WHAT NEEDS TO BE DONE: Starting with the line that contains "Бензиновый триммер DDE LM 57 Trim (791-967)", copy each line exactly through the end of the listing, and omit all pictures.

GIVEN ENTRIES:
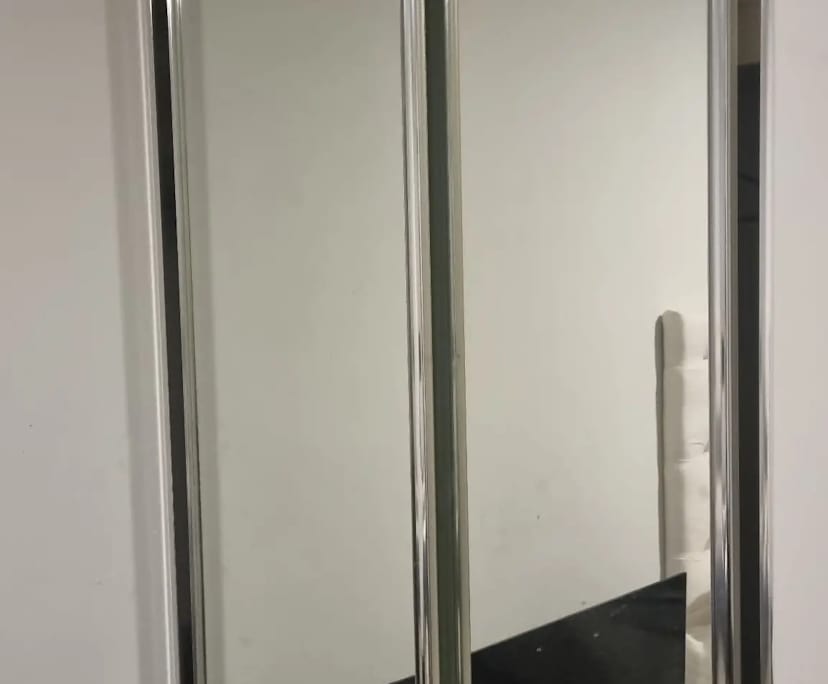 $250, Share-house, 4 bathrooms, Wellard WA 6170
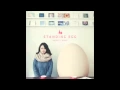 Download Lagu STANDING EGG - 매일 그대를 with Windy MP3
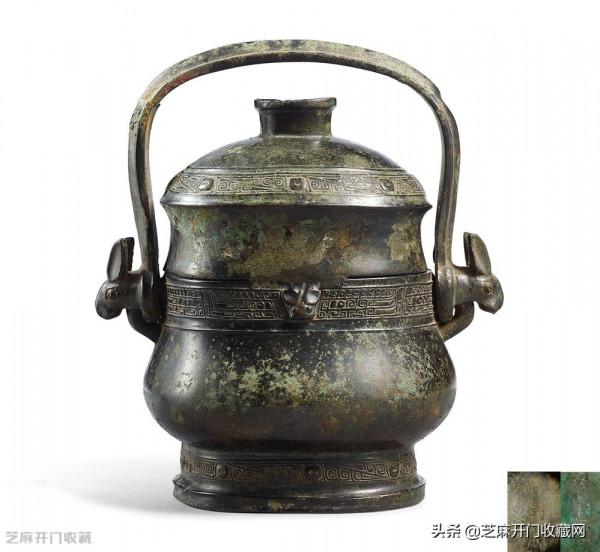 有哪些看上去像是假的真文物 有哪些看上去像是假的真文物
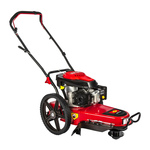 Бензиновый триммер DDE LM 57 Trim (791-967)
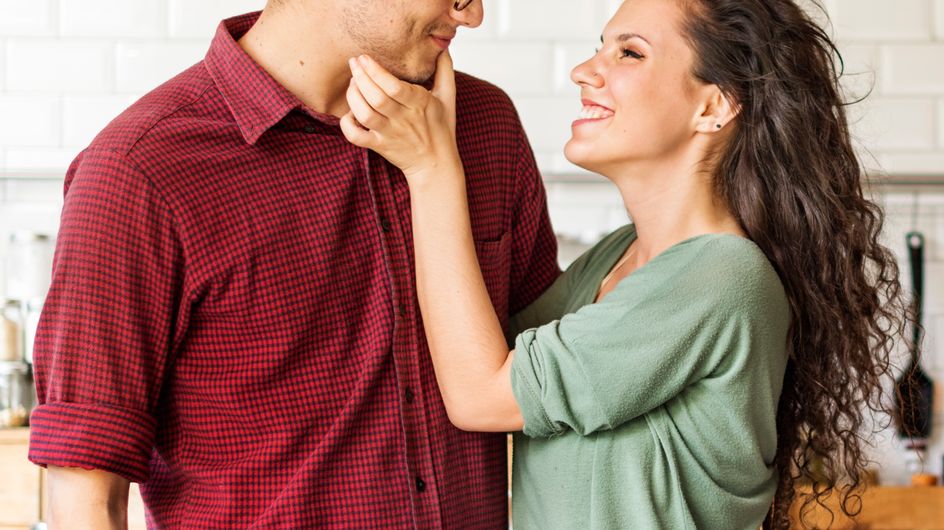 Laut Sternzeichen: So tickst du in einer Beziehung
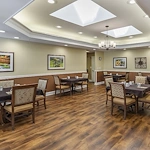 Image of Lake Haven Memory Care (4)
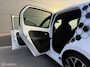 Volkswagen Up! 5drs 1.0 TSI GTI TOPSTAAT! 1E EIGENAAR AIRCO*STOELVERW*MULTIMEDIA!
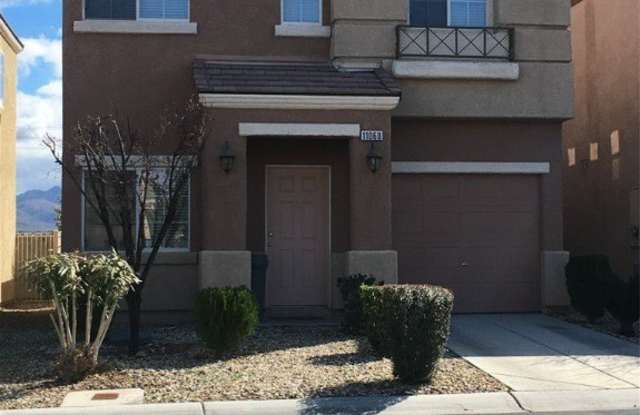 11060 Abbeyfield Rose Drive photos photos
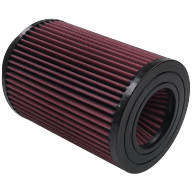 1994-1997 Powerstroke S&B Intake Replacement Filter (KF-1041)-Air Filter-S&B Filters-Dirty Diesel Customs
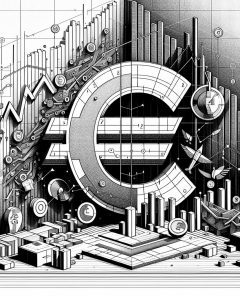 ai-eurozone-wage-forecast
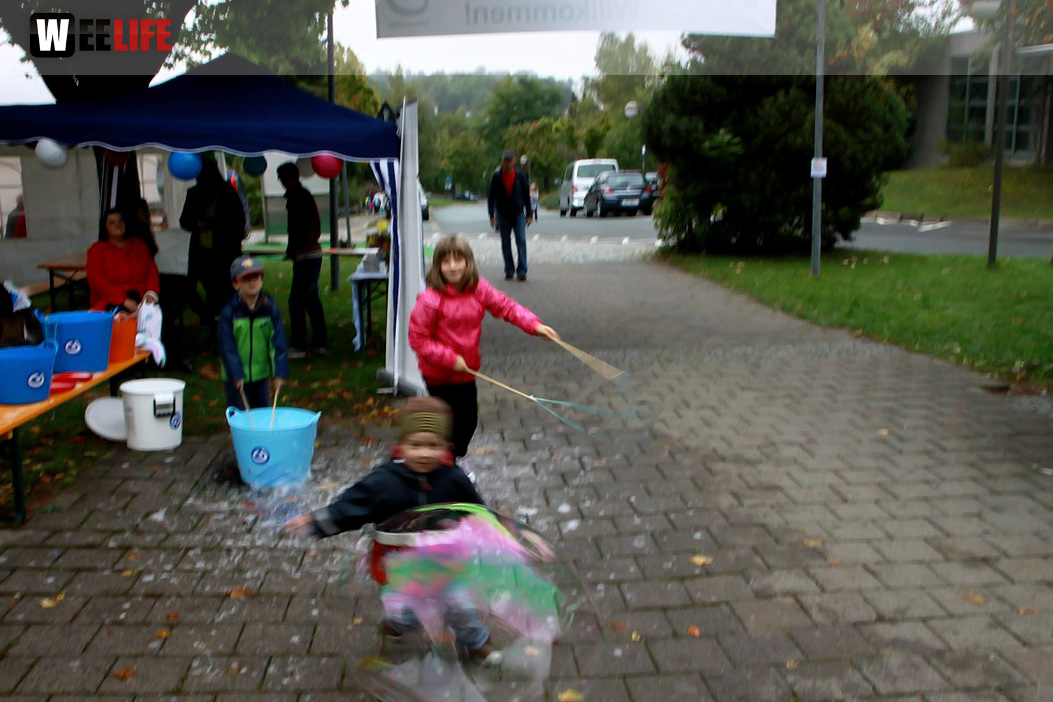 Herbstfest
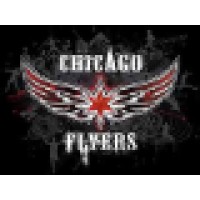 Chicago Flyers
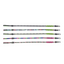 M-Pets Urban Style Dna Şok Emici Gezdirme Tasma (L)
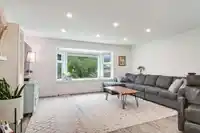 27232 26B AVENUE - thumbnail 8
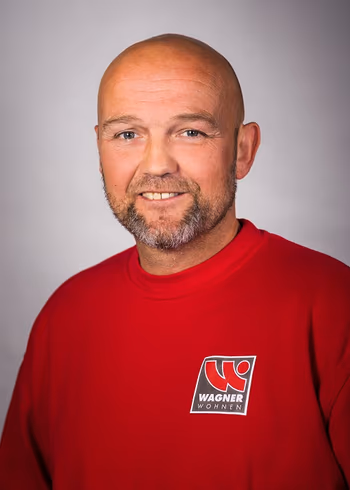 Bild: Sascha Tkaczyk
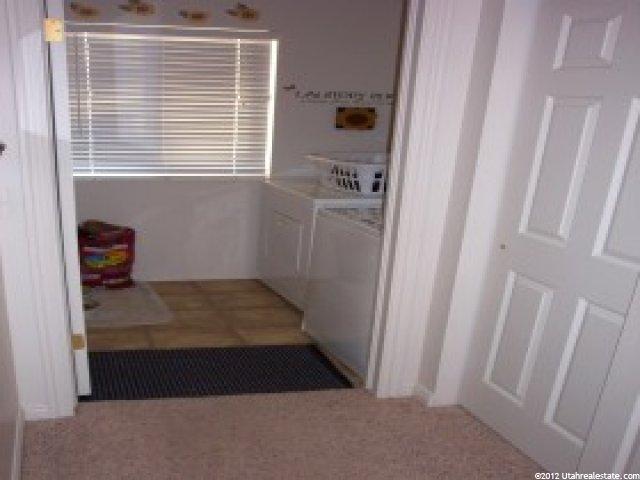 820 N Eccles Ave E, Ogden, UT 84404 — photo 7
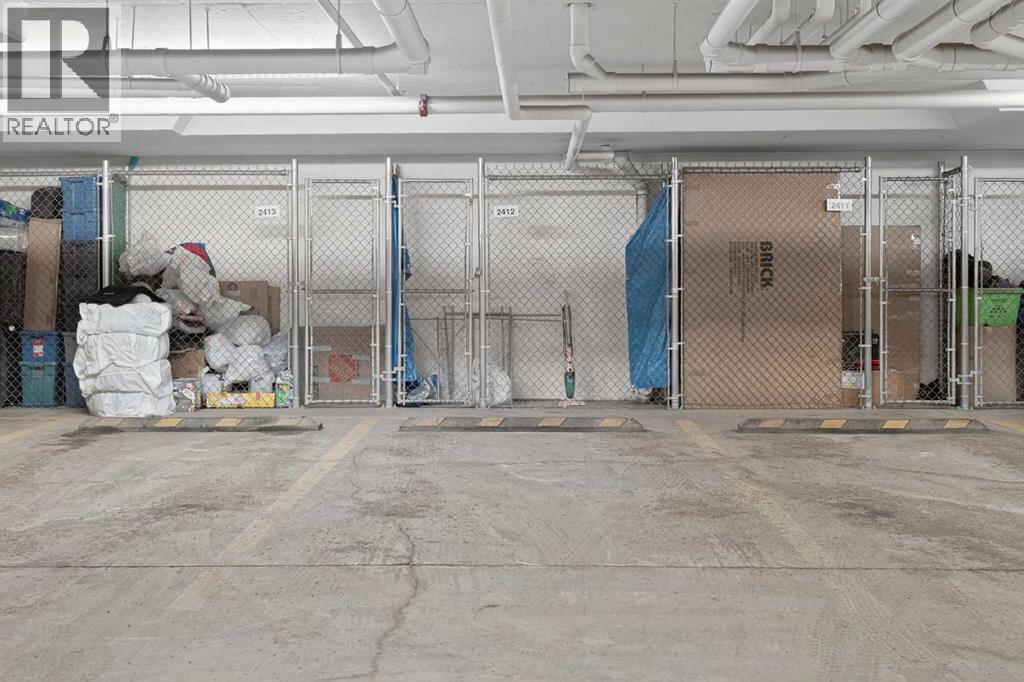 2412, 11 Mahogany Row Se, Calgary, Alberta T3M 0T2 - Photo 33 - A2293240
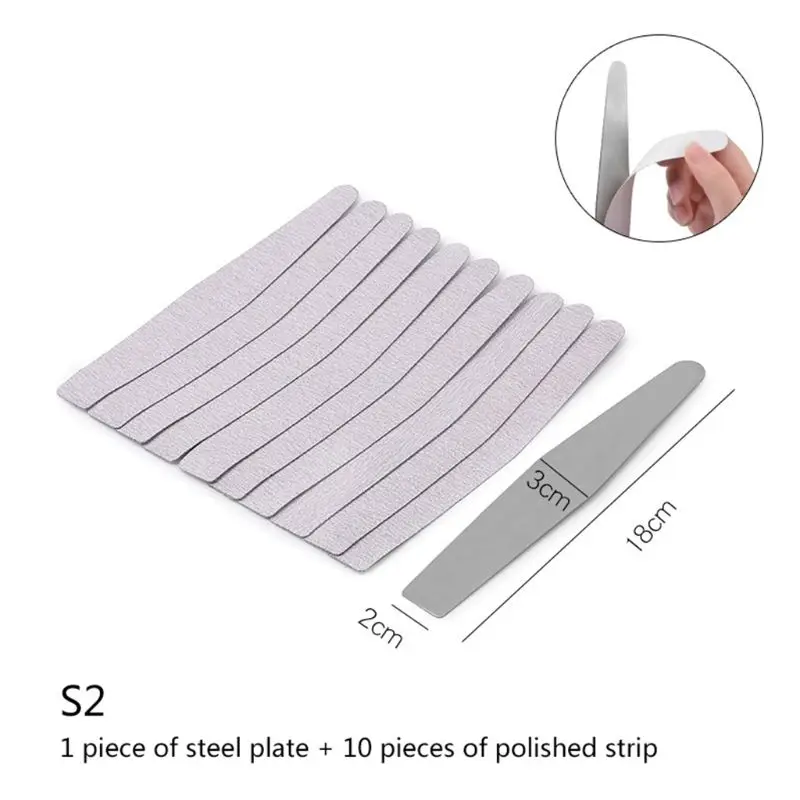 3TT801858-S2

SOLUTION:
 Бензиновый триммер DDE LM 57 Trim (791-967)
 Laut Sternzeichen: So tickst du in einer Beziehung
 Image of Lake Haven Memory Care (4)
 Volkswagen Up! 5drs 1.0 TSI GTI TOPSTAAT! 1E EIGENAAR AIRCO*STOELVERW*MULTIMEDIA!
 11060 Abbeyfield Rose Drive photos photos
 1994-1997 Powerstroke S&B Intake Replacement Filter (KF-1041)-Air Filter-S&B Filters-Dirty Diesel Customs
 ai-eurozone-wage-forecast
 Herbstfest
 Chicago Flyers
 M-Pets Urban Style Dna Şok Emici Gezdirme Tasma (L)
 27232 26B AVENUE - thumbnail 8
 Bild: Sascha Tkaczyk
 820 N Eccles Ave E, Ogden, UT 84404 — photo 7
 2412, 11 Mahogany Row Se, Calgary, Alberta T3M 0T2 - Photo 33 - A2293240
 3TT801858-S2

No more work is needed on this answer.